The Cat Lady returns to the macabre gothic horror reminiscent of something Poe or Lovecraft would write. Lacking any jump-scares except when thematically appropriate, the horror isn’t dressed up. Unnerving and unsettling would be the best descriptors. It takes you through not only the horrors of humanity and what people inflict upon each other, but also the psychological torment of giving a suicidal person the ‘gift’ of immortality.
At first glance, The Cat Lady is about the horrors of living with depression, and surviving in a world refusing to take you seriously after a suicide attempt. And in part, it is, but unlike any of its predecessors trying to approach this difficult subject, it talks about the side only one who has lived through this understands.
When the protagonist, Susan Ashworth, dies from a sleeping pill overdose, she finds herself in a strange world where she must confront her own dead bodies, killed in various ways. Susan remarks that she feels unaffected because her bodies look peaceful, sleeping happily for once. Going through this strange world of death and decay, she meets an old woman, who tells her she’s been waiting for her, and is here to give her a second chance, a chance to heal.

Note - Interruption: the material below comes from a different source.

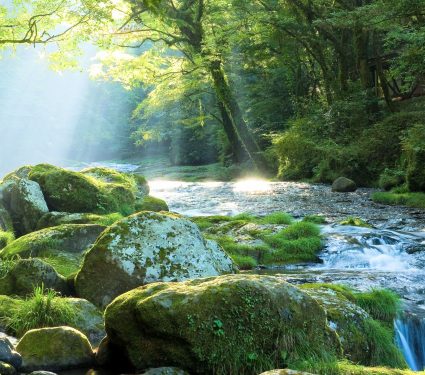 2025/09/Global-greening-water.jpg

The old woman implies that she is death, referring to herself as the ‘Queen of Maggots’, because she infests that which is dead. She tells Susan that she is specially chosen because the Queen of Maggots has been with her since the start of this depression, brushing her hair when she cried and standing behind her while she threw away happy photographs. She gives Susan the power of immortality in exchange for ridding the world of ‘parasites’, humans so inherently awful that they cannot remain on the earth any longer. She forces our protagonist to accept or never find peace.
Now, naturally, giving someone who just tried to kill themselves the power of immortality might seem unnecessarily cruel, but as with anything about mental illness, it’s a metaphor. Not so much about how bad it is to have depression, we’ve seen that before, but how sometimes it becomes your only motivator.

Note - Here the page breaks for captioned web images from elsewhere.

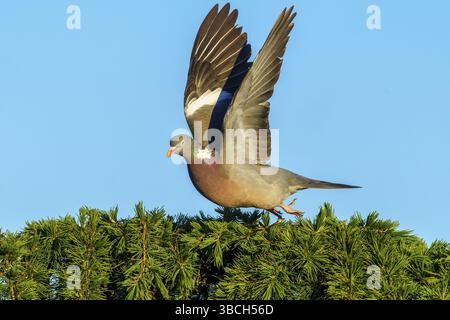 Eine Taube hebt von einem Ast ab und fliegt in den blauen Himmel, Holztaube (Columba palumbus), Wildtiere, Deutschland, Europa Stockfoto
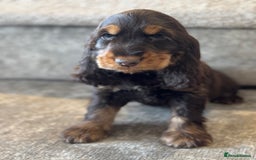 Cocker Spaniel dogs for sale: BEAUTIFUL SHOW TYPE COCKER SPANIELS  - Image 27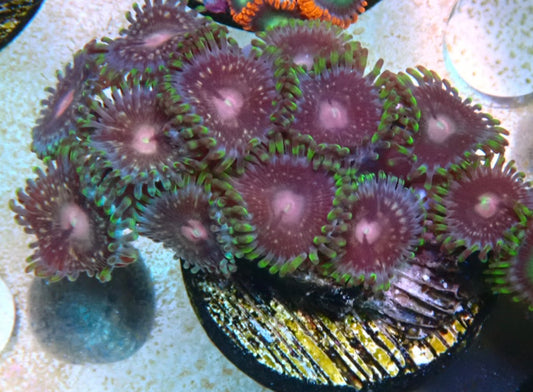 Assorted zoa frag 10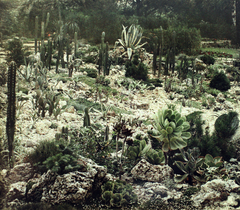 1932, Fortepan/Album042, colorful, cactus, Fortepan #189943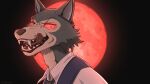  2022 anthro beastars blood blood_moon bodily_fluids canid canine canis clothing fur hi_res legoshi_(beastars) male mammal netflix red_eyes sharp_teeth solo teenager teeth tongue tongue_out topwear twistedhound wolf young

The Queen of Maggots is not death, she is Susan’s own depression, taking her when she is at her lowest and making her go on. Pushing her well beyond her limit for a goal that after a while in the game seems to trickle off in importance in favour of helping others. Because sometimes, when you’ve hit that low, when you give it all up, your brain always seems to turn around and cling to literally anything to get you to keep going.
That’s not to say it’s a good thing – any depressed artist can prove that motivation through pain is not the healthiest motivator. The Cat Lady allows you to sit through someone else’s transition to motivation to continue from depression to self-possessed motivation. To live for someone or something else. From a friend to some cats.
It doesn’t feel the need to sugar coat anything for you. It talks about how her cigarettes and coffee helps calm her down, despite being a self-destructive habit. Susan is drugged, mistreated, ignored and left alone, always against her will, an often all too real reality of mentally ill people.
Regardless of your mental wellness, The Cat Lady is a unique gaming experience. The controls are simple, the puzzles are traditional adventure game style (i.e. sometimes complete nonsense and you’ll end up adding items together randomly in fits of rage). With Sin City aesthetics and a hard gothic soundtrack reminisce of Nine Inch Nails it creates the perfect environment for a troubled mind and story to shine.